Description
CENG213
Data Structures
Programming Assignment 3
1 Introduction
This assignment aims to get you familiar with hash tables by implementing a word usage statistics engine.
Keywords: Hash Tables, Double Hashing, Classes, File IO
2 Problem Definition
Hi, Neo. After you have gone to distant lands, the world slowly began to sink into darkness. There is silence everywhere. Now, the children are not laughing, the birds are not around. But we, a group of scientists, want to reverse this situation. We want to reach as many people as we can and tell them about our research. Also, we want to do this secretly without getting caught by the surrounding robots. We want to store our research digitally with extraordinary methods with your help. You have to help us for the salvation of mankind! You can find a new way to create a link for communication between the Matrix and the real world!
Key, Original Index
<”Neo” , 1> <”throw”, 2> <”the” , 3>
<”ball” , 4>
As you might guessed, there might be multiple occurences of a word but their original position on the text must be unique for each entry.
At any time( after inserting a part of an article, removing a part, before anything etc.) they might want you to find out what was the original index of a ”word”s nth occurence on the text, which is the second element of corresponding pair.
On top of that, they might even want you to print all the hash table that you construct. To put it simply, your program should support inserting some possibly duplicating words with unique integers which represents their original index in the text file (article), deleting some of them and giving the result of the query: ”Where is the nth occurence of the word 0w0?”
3 Implementation of Hash Table
There are three files given to you to use and/or modify in order to save the humankind.
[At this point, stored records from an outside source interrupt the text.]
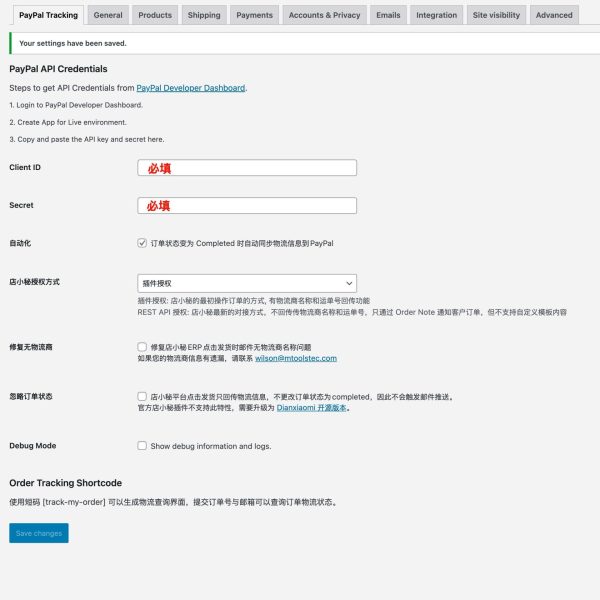 店小秘 ERP 物流同步 PayPal - Image 2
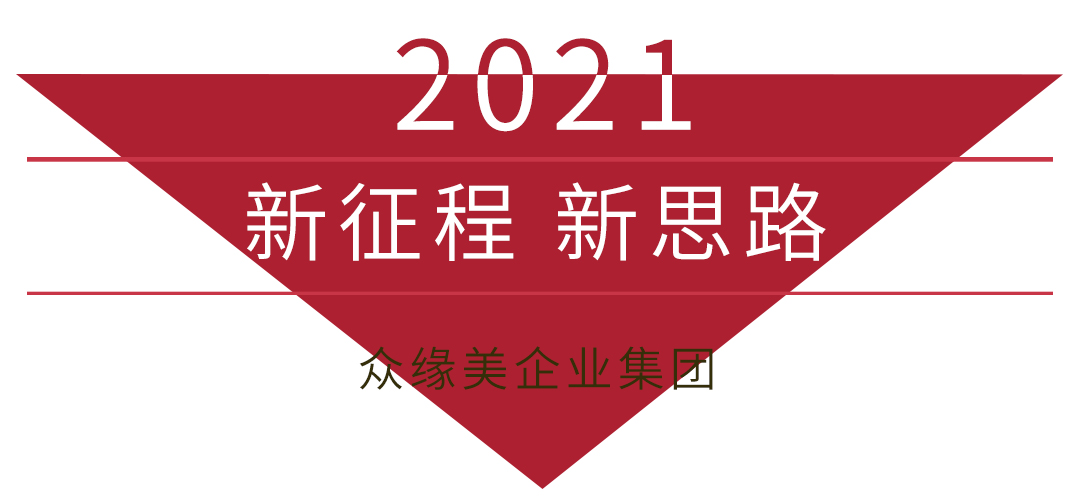 2021眾緣美探索美業(yè)新思路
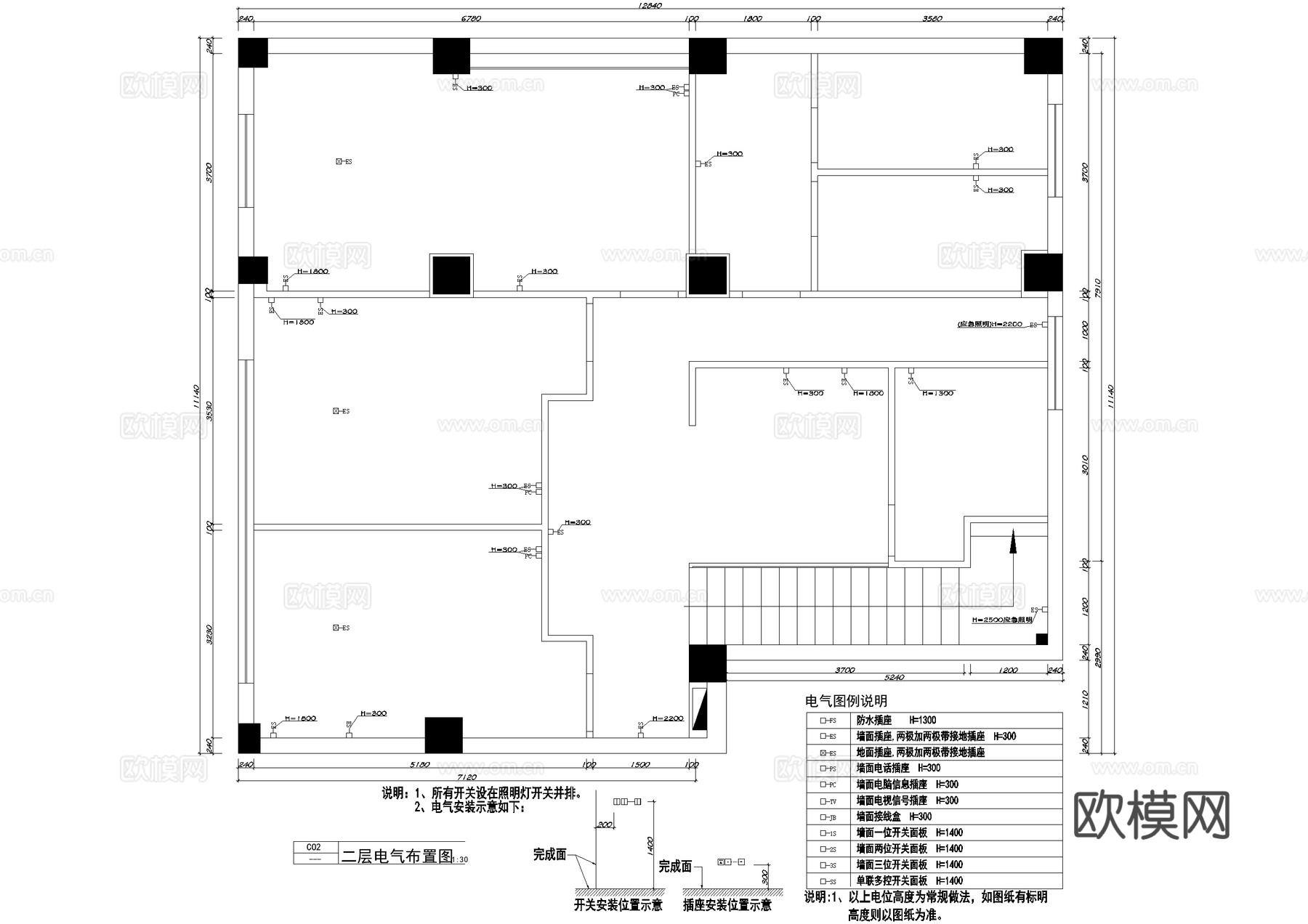 茶馆 二层茶叶店茶室 茶楼 茶吧平面系统图cad施工图
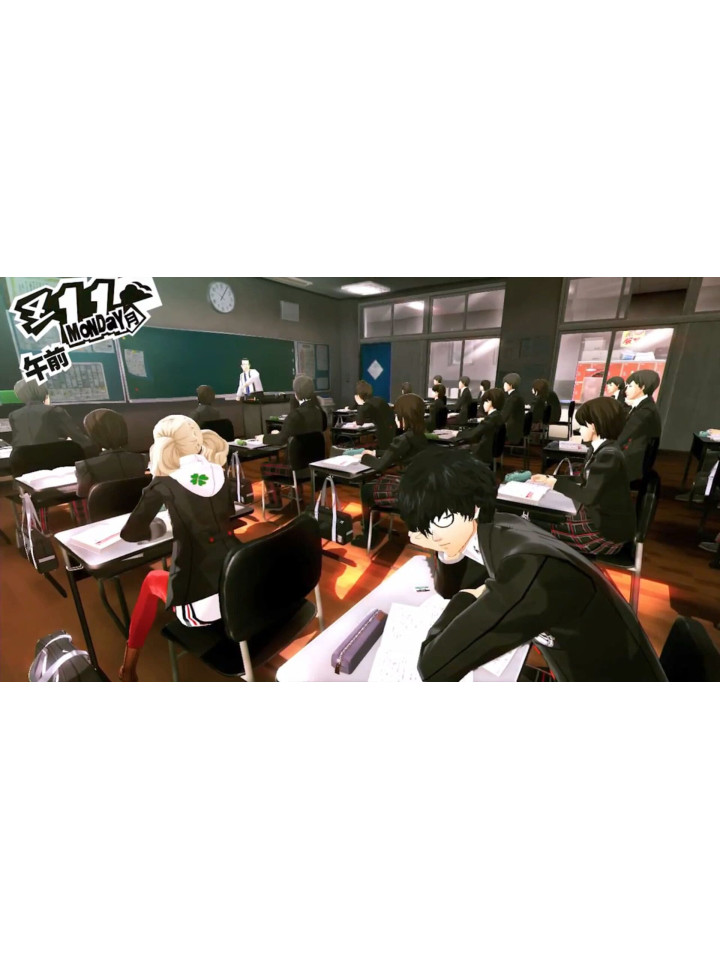 Persona 5 PS4 PS5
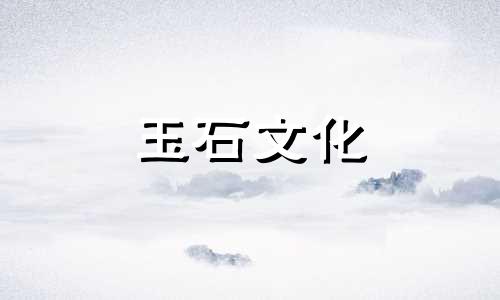 如何制作绿松石百吉饼?它和搭扣有什么不同吗?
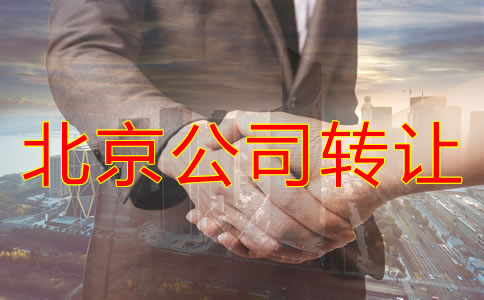 北京公司转让代办费用有哪些？
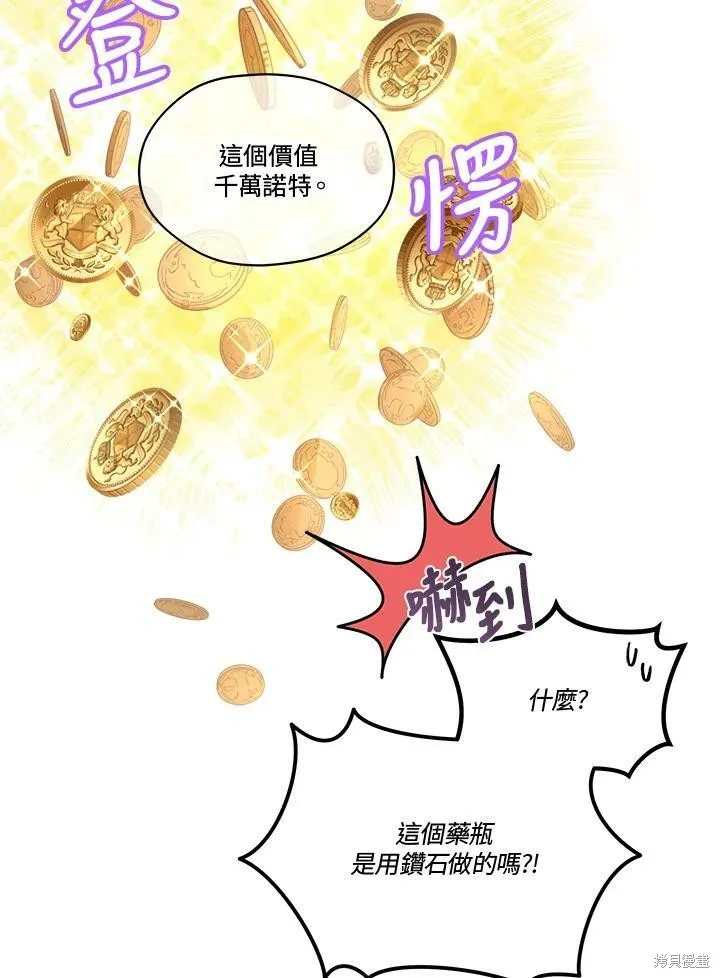 第60话 第69页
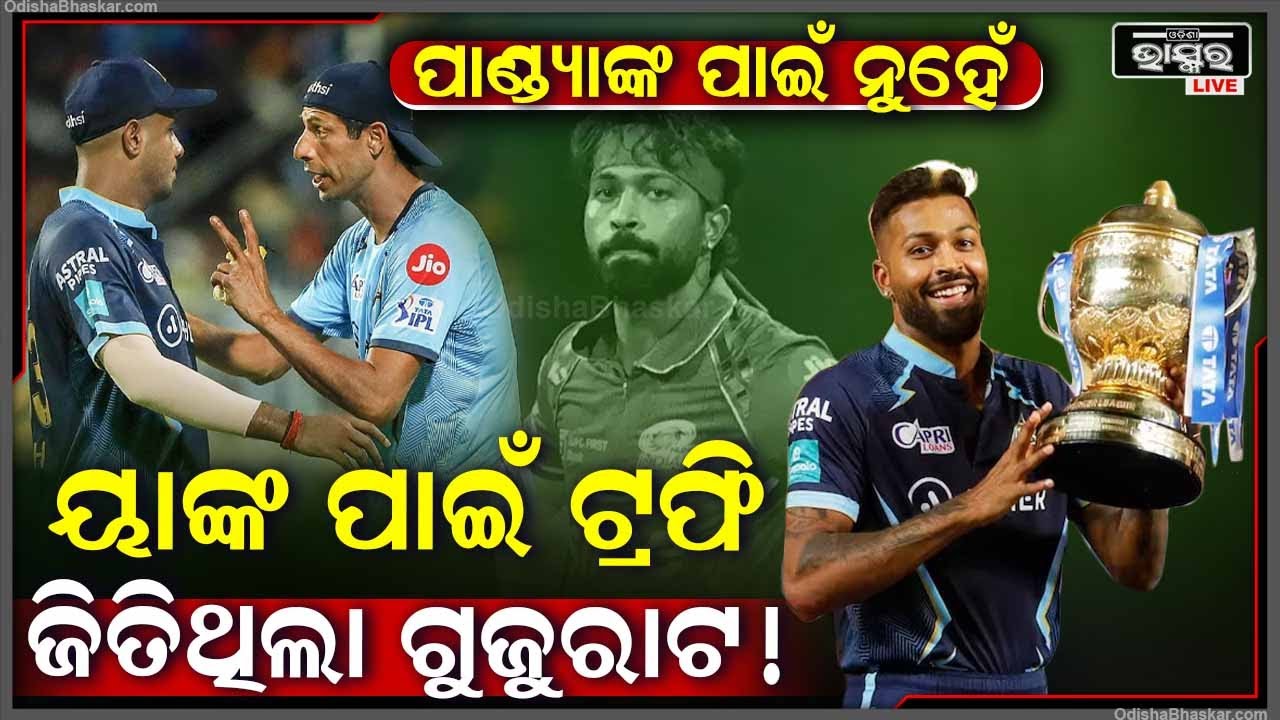 ହାର୍ଦ୍ଦିକ ପାଣ୍ଡ୍ୟାଙ୍କ ପାଇଁ ଚାମ୍ପିୟନ ହୋଇନଥିଲା ଗୁଜୁରାଟ ଟାଇଟନ୍ସ ! ତେବେ ଦେଖନ୍ତୁ କିଏ ଜିତେଇଥିଲେ ଟ୍ରଫି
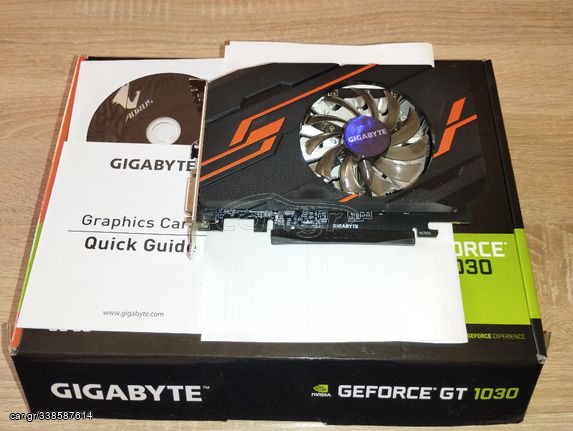Gigabyte GeForce GT 1030 2GB GDDR5 Silent Low Profile Κάρτα Γραφικών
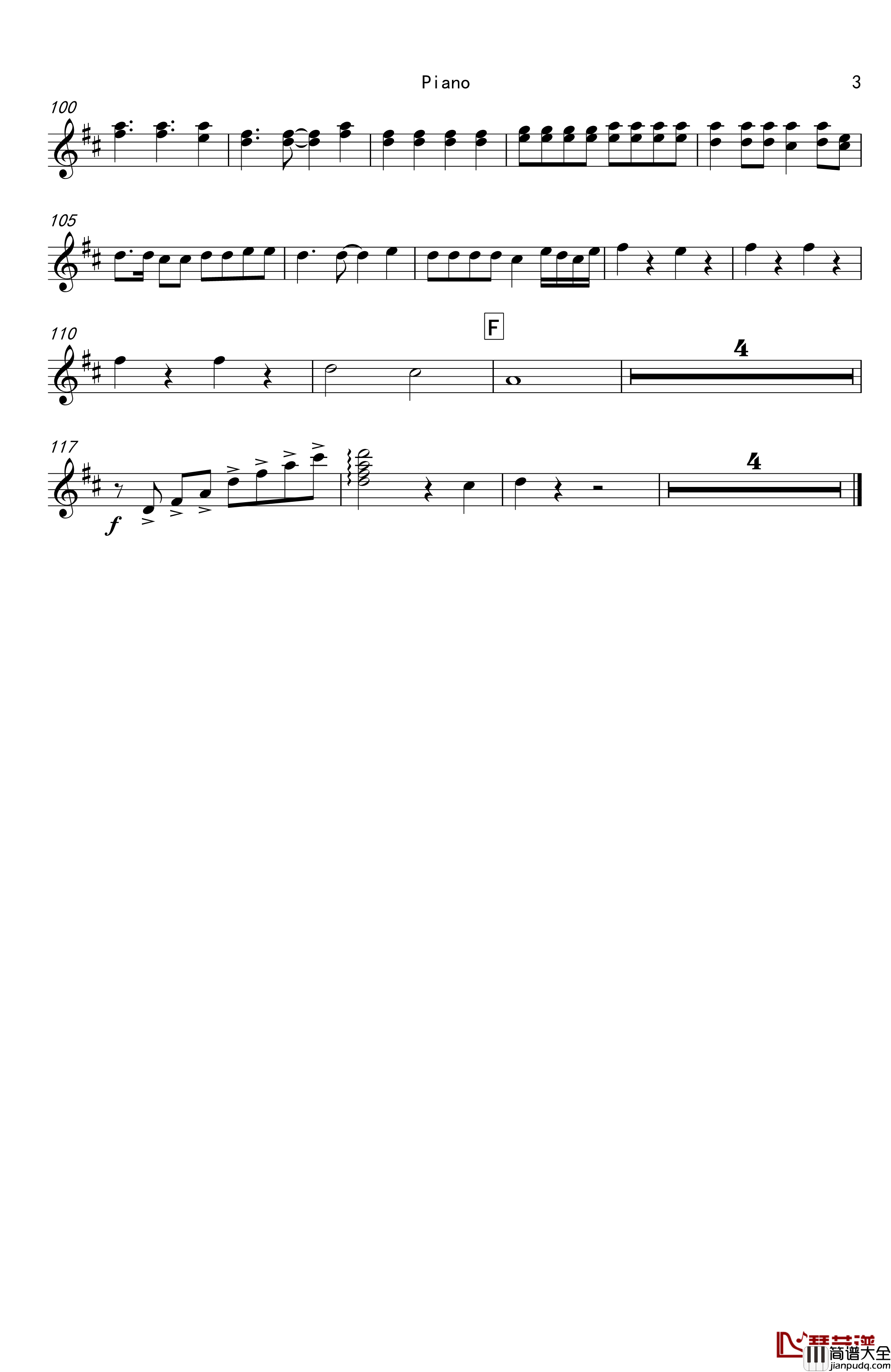 天边的彩虹钢琴谱_再别童年：3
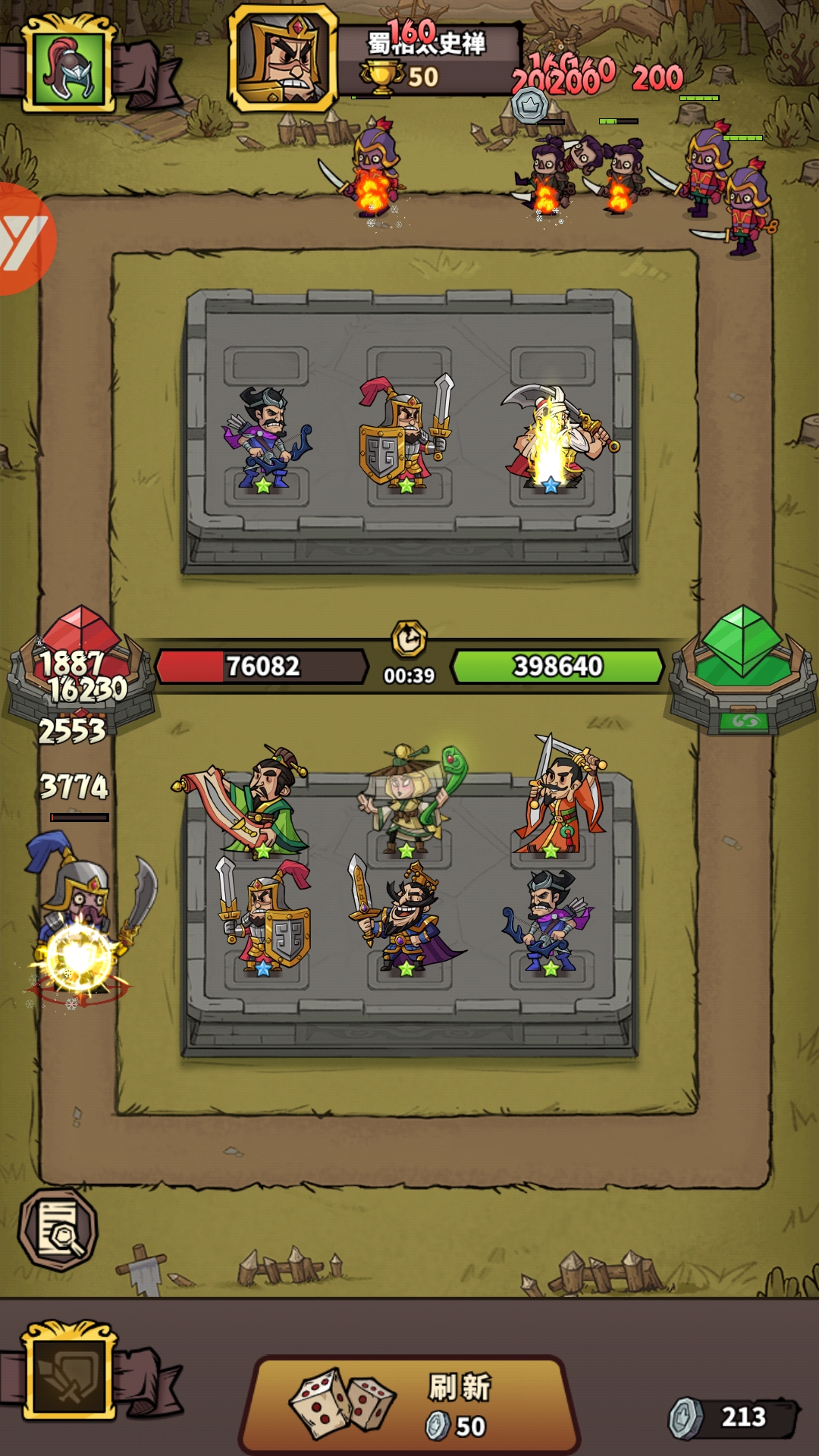 进击物语官方版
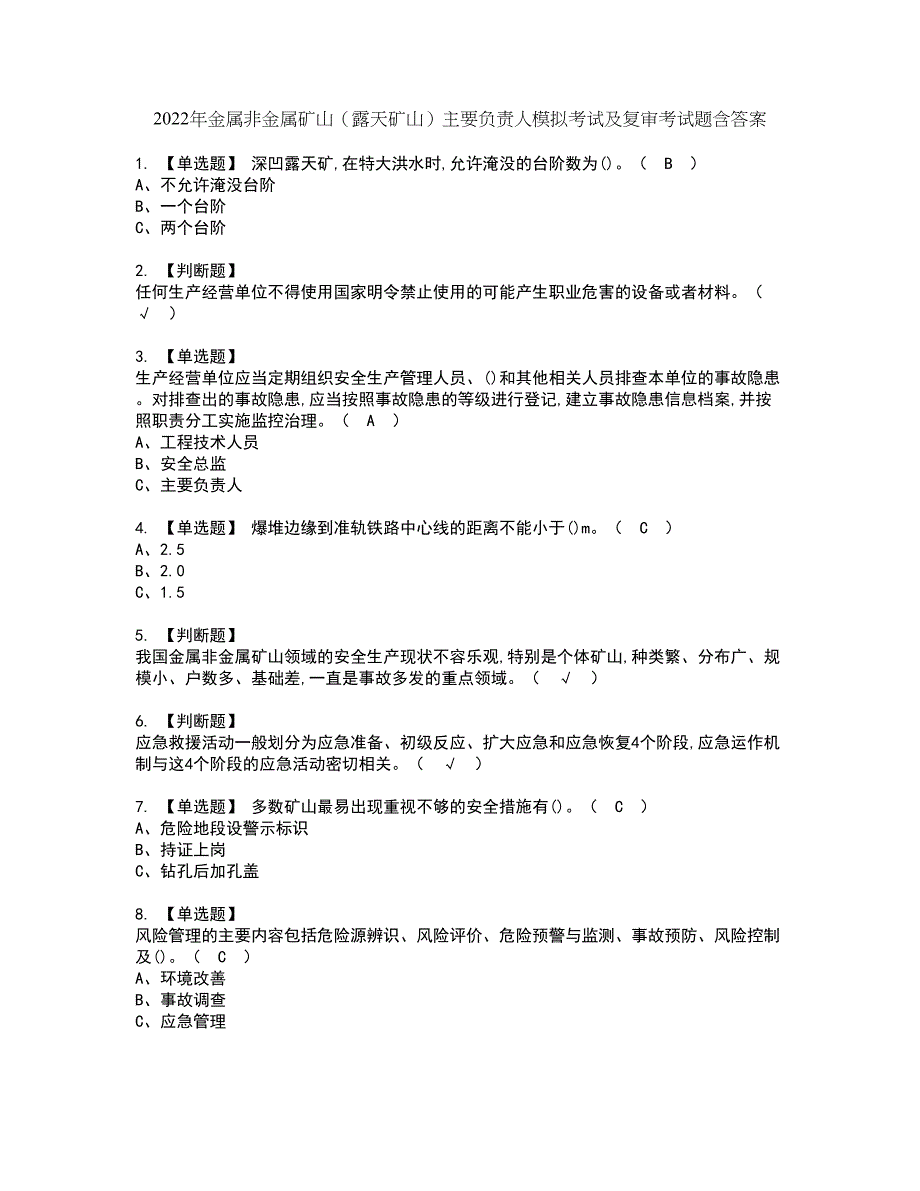 2022年金属非金属矿山（露天矿山）主要负责人模拟考试及复审考试题含答案77_第1页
As you know Neo, YOU ARE BORN TO DO THIS!
A little note for you Neo: These robots can trace your fingerprints in the web. Therefore you have to delete your fingerprints. DO NOT FORGET to delete anything you got from memory. They are doing memory check constantly. They can find you via your digital fingerprints that you left on memory.
Before inspecting each method, let’s have an overview of our hash table’s structure and settings briefly:
• The Article class represents the hash table. The main usage scenario is to find the nth occurence of a given word from a text, in constant expected time
• It uses open addressing, with double hashing technique. If you are not familiar with the concepts, it is highly recomended to get familiar with those implementation decisions of hash table.
• Data type of the table( type of the entries ) will be std:: pair<std::string, int>, first is for word, second is for word’s index on original text.
• Given key value will only include lowercase English letters.
• Cells of the table can be categorized under three different types:
– Can hold an entry, as described above
– Can be empty, as initially, meaning that it has not marked as a deleted cell. This means that cell has the value pair std:: pair<EMPTY KEY, EMPTY INDEX> ( values defined in .h file )
– Can be marked, meaning that it had an entry sometime but the entry’s removed from the cell. In this case, cell has the value pair std:: pair<EMPTY KEY,MARKED INDEX> ( values defined in .h file )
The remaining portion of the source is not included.